Ring wing refuses to accept reality

Never mind that CIA director General Michael Hayden and Patrick Fitzgerald have both confirmed that Valerie Plame was covert at the time of her outing, the right wing crowd cannot bring themselves to accept it.

I never cease to be amazed at the chutzpah of some folks who lack experience and knowledge, but insist they have the grasp of secrets that folks who have actually worked on the issues do not. Maguire is at the head of the class in this regard. This clown has never worked at the CIA in any capacity, he has never held a security clearance, he’s never been a prosecuting attorney, but he insists he is qualified to judge whether Valerie was undercover. His methodology? In his ignorance he identifies supposed “errors” and then proclaims his “secret” truth. He repeats the same tired phrases over and over, apparently in the belief that the quantity of repetition translates his foolishness into pure gold at some point.

And what “proof” does Mr. Tom Maguire offer for his delusions? Nothing other than heartfelt opinions and uninformed, grotesquely ignorant speculation.

The right wing Bush fan club has invested more than 2 years demonizing Plame and denying her status, that to admit they are wrong is just too traumatic for them.

Here is a morsel of their dergangement from as recently as this year: Barbara Lerner, National Review, March 19, 2007:

The charge was false, and the CIA knew it was false from the get-go. Valerie Plame was their employee; they knew she was not a classified agent because she was not covert and had not worked abroad for more than five years.

Glenn Greenwald nails what this is really about.

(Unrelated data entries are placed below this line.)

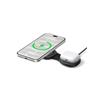 UGREEN MagFlow Qi2 25W Caricatore Wireless 2 in 1 Flessibile MagSafe | Compatibile con iPhone 18 17 16 15 14 13 12 Air Plus Pro Max, AirPods 5 4 3 Pro 3 2 1, Energia Intelligente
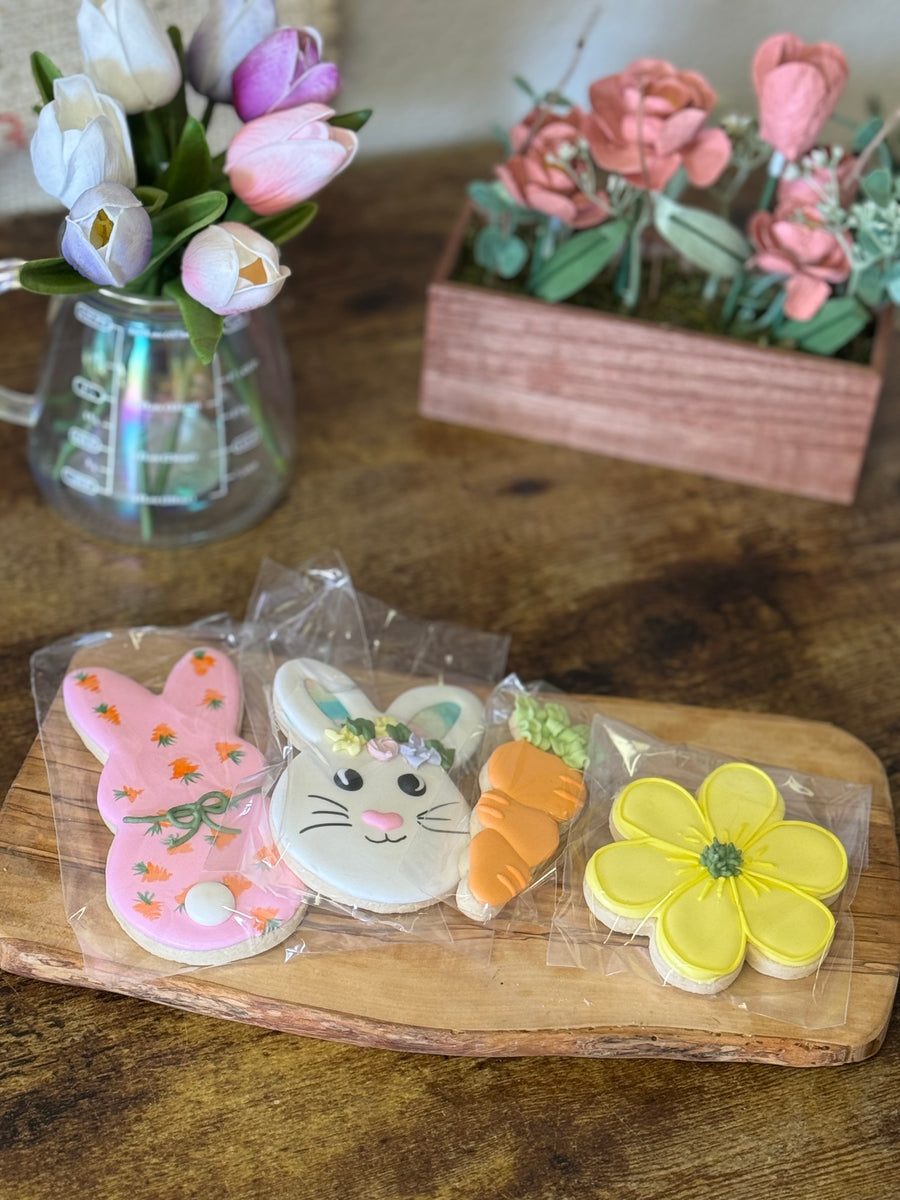 Easter Cookie Set (Decorated) 1 Dozen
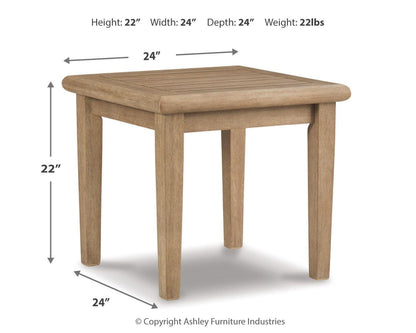 Gerianne Square End Table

They had no basis at the time for making such statements. But, as they so often do, they made them anyway, because those statements helped to defend the Leader and bolster their political agenda. Most of all, they know that their readers will trust what they say even when those statements are demonstrably false.

That is the purpose they serve — to say whatever needs to be said, whether true or false, to diffuse concern among their followers that the Leader has engaged in any real wrongdoing. That is why Tim at Balloon-Juice — who last night said: “I could entertain myself for hours looking up the hair-singingly civil manner that countless conservative blogs attacked the idea that Valerie Plame was a covert agent. If one in twenty corrects their error you can color me shocked” — can rest easy. No shock is forthcoming. These falsehoods are never acknowledged, let alone retracted, because they are a critical part of the role they play

These people are quick to insist they are patriots, but their allegiance is not to their country, it is to their leader.